● **DESCRIPTION OF THE TASK**
Pictures stay out of the output. Return exactly the lines below from the one with "What En.appmo.org website" down to the one with "弟弟执意要给富婆当狗，重生后我祝他幸福全文阅读最新", both included, and nothing more.

● **MATERIAL PROVIDED**
------------------------------------------------------------------------

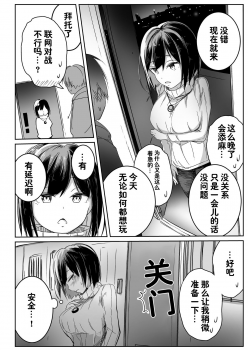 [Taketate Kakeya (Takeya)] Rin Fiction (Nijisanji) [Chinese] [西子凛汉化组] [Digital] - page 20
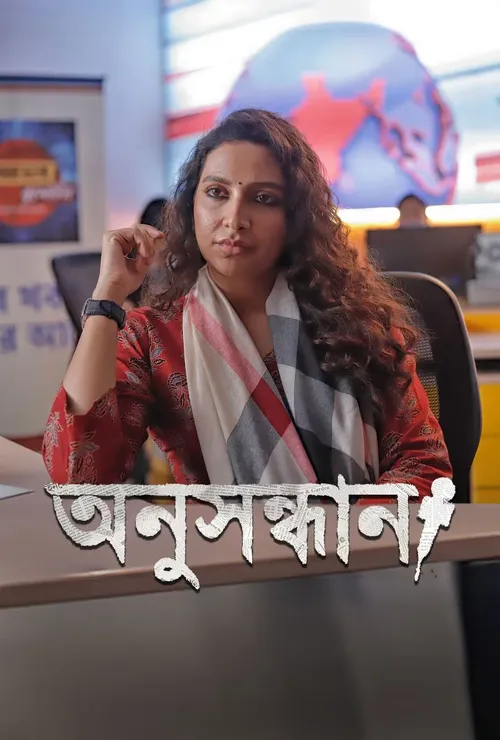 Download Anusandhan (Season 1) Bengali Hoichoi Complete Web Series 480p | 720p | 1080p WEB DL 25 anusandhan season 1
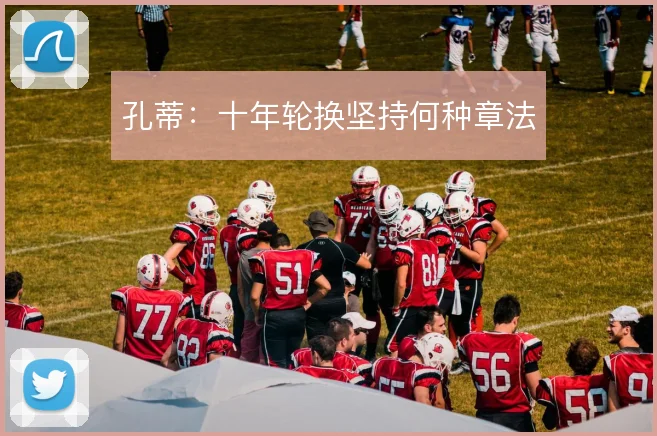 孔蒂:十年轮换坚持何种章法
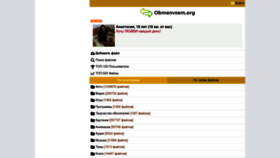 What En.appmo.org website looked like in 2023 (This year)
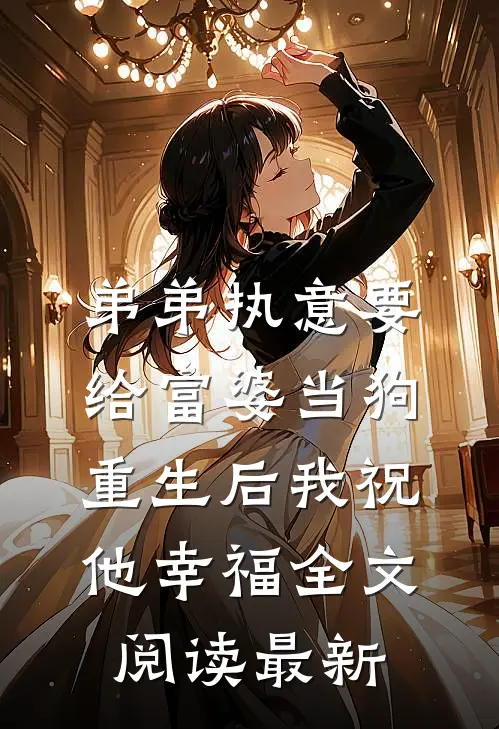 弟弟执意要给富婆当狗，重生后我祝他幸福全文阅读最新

------------------------------------------------------------------------

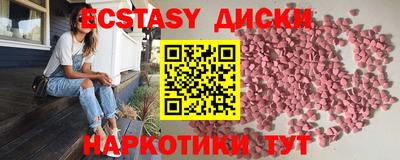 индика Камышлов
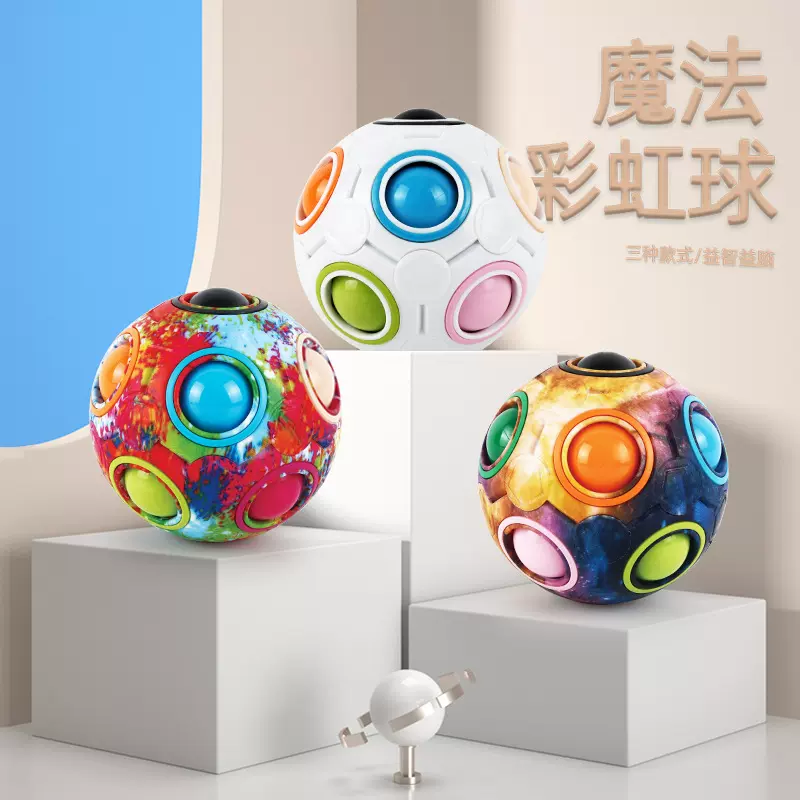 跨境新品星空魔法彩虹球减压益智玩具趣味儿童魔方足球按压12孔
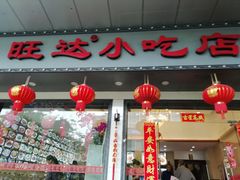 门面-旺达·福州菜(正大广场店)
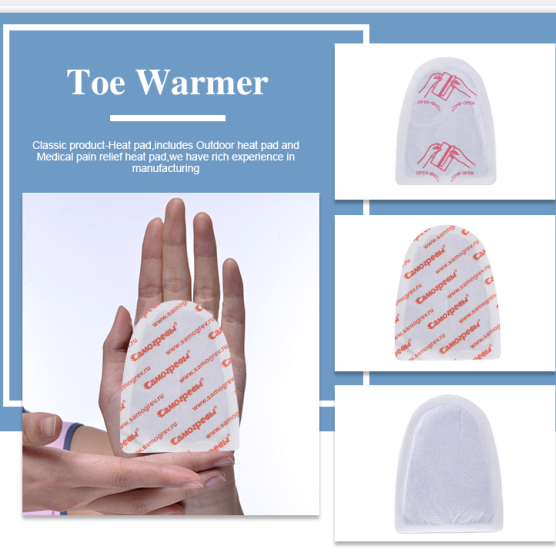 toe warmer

------------------------------------------------------------------------

● **EXERCISE RESULT**
 What En.appmo.org website looked like in 2023 (This year)
 弟弟执意要给富婆当狗，重生后我祝他幸福全文阅读最新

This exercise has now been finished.